Friday, December 02, 2005

Another Moral Dilemma

First of all, please accept my apologies for yesterday’s holiday downer. It’s true, I’m having a hard time getting into the holiday spirit, but really, it’s not THAT bad.

The single bit of Christmas that I have genuinely been enjoying is the wreath my dad brought back for me from Upper Michigan. A neighbor who lives across the road from our cabin makes them every year out of branches she gathers from the trees in the woods up there. She uses a variety of cedar and pine boughs, so the wreaths she makes are lush, fragrant, and a gorgeous mix of textures and shades of green. Every time I see mine on my front door, I think of the woods and my lake in the snow, and that fills me with the joy of the season in a way that Beyonce’s whole bootylicious family opening their Wal-Mart bounty on TV never will.

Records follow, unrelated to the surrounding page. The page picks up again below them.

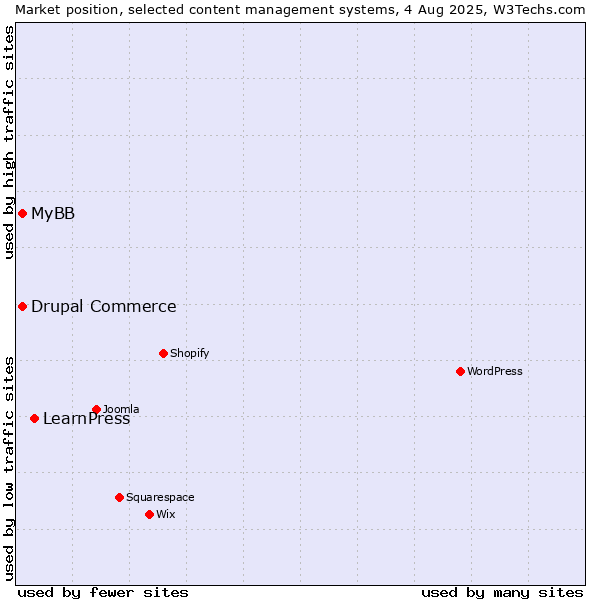 Market position of LearnPress vs. MyBB vs. Drupal Commerce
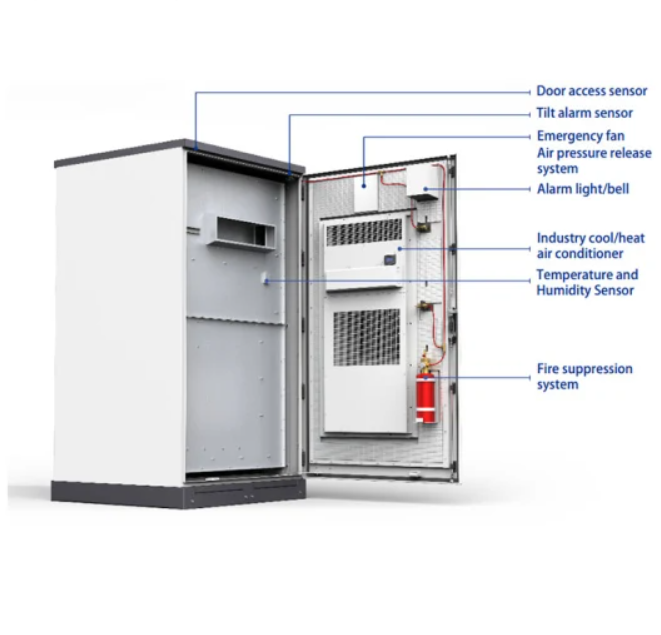 pknergy 200kw battery with fire protection system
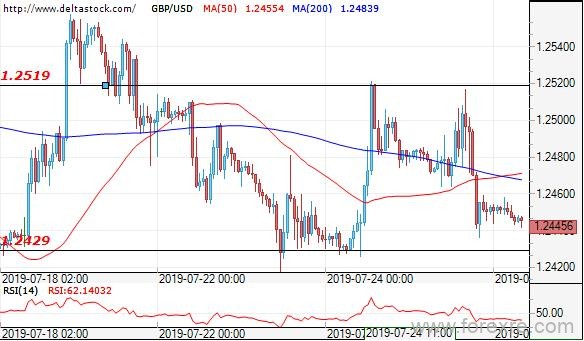 Deltastock：欧元、日元、英镑交易策略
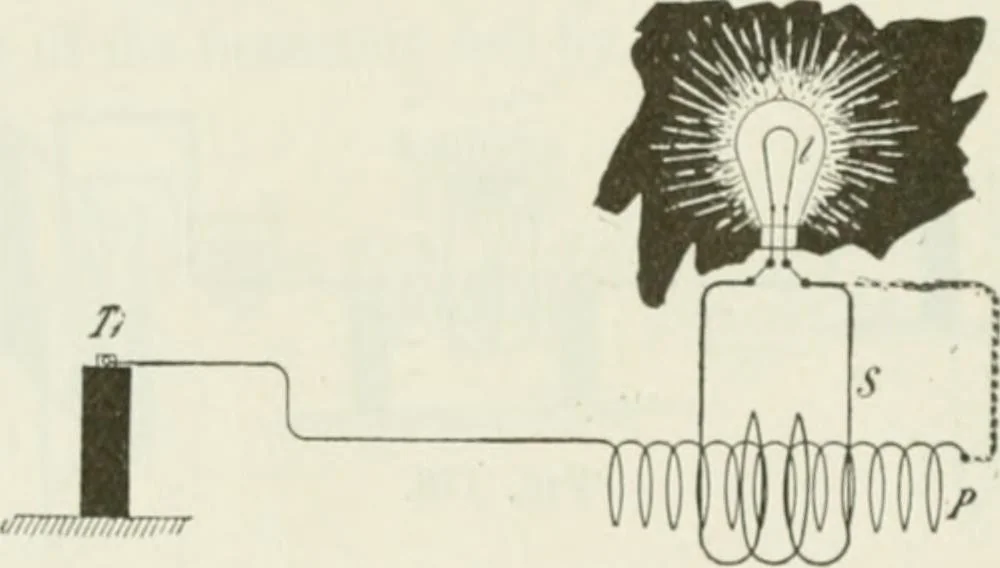 An illustration from The inventions : researches and writing of Nikola Tesla, with special reference to his work in polyphase currents and high potential lighting, 1894, leaf 349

I haven’t baked any cookies yet, but I did sign up for a cookie exchange at work, which means that I am now obligated in writing to produce seven dozen of something by next Friday. And, probably, I’ll get a tree this weekend. Mr. Crosby still has not hit the CD player, but I have been making and acquiring gifts.

Which brings me back to the subject of Wal-Mart, and my moral dilemma du jour. I am a loyal Target shopper, and can count on one hand the number of times I have set foot in a Wal-Mart store. My children have been so thoroughly propagandized by their former-union-steward father that they will gladly spout the myriad reasons why Wal-Mart is the devil. They would harass me without mercy if they knew I had given money to the Walton family.

So what is a budget-conscious Goddess to do when she finds that the Trivial Pursuit Pop Culture DVD game that Demigoddess the Younger really, REALLY wants for Christmas is priced $15 less at Wal-Mart than anywhere else?

On the one hand, I understand that this is how they get you. They entice the ethical shopper with their nefariously low prices, and the righteous ease their guilt by telling themselves that it’s just… this… ONCE…

...then the next thing they know they’re dragging around the weight of a thousand child-labor sweatshop souls and the misery of legions of underpaid and uninsured workers, and that smiling yellow crack-pushing demon haunts them in their tormented dreams.

But, on the other hand, $15 is, like, five gallons of milk.

Six if I buy them at Costco.

3 comments:

Prego said...

The key to it is not bothering to find out how much the item costs at Wal-Mart. I'd rather inadvertently overspend than to venture out to Wal-Mart and its assortment of inbred shoppers. The ones out here are high on the sketchy factor.

Anonymous said...

Um, you could consider putting your dilemma before a close relative who happens to work at Target and has an extra discount day coming up. She might take pity on you. Just a thought.

rob said...

You could also refuse to buy the Pop Culture DVD Trivial Pursuit because it sucks. You'll get two good plays out of it before you're hitting repeats on the DVD.

aside from that, I'm all for you saving $15 anywhere you can. Go to Wal-Mart, girl. I won't tell.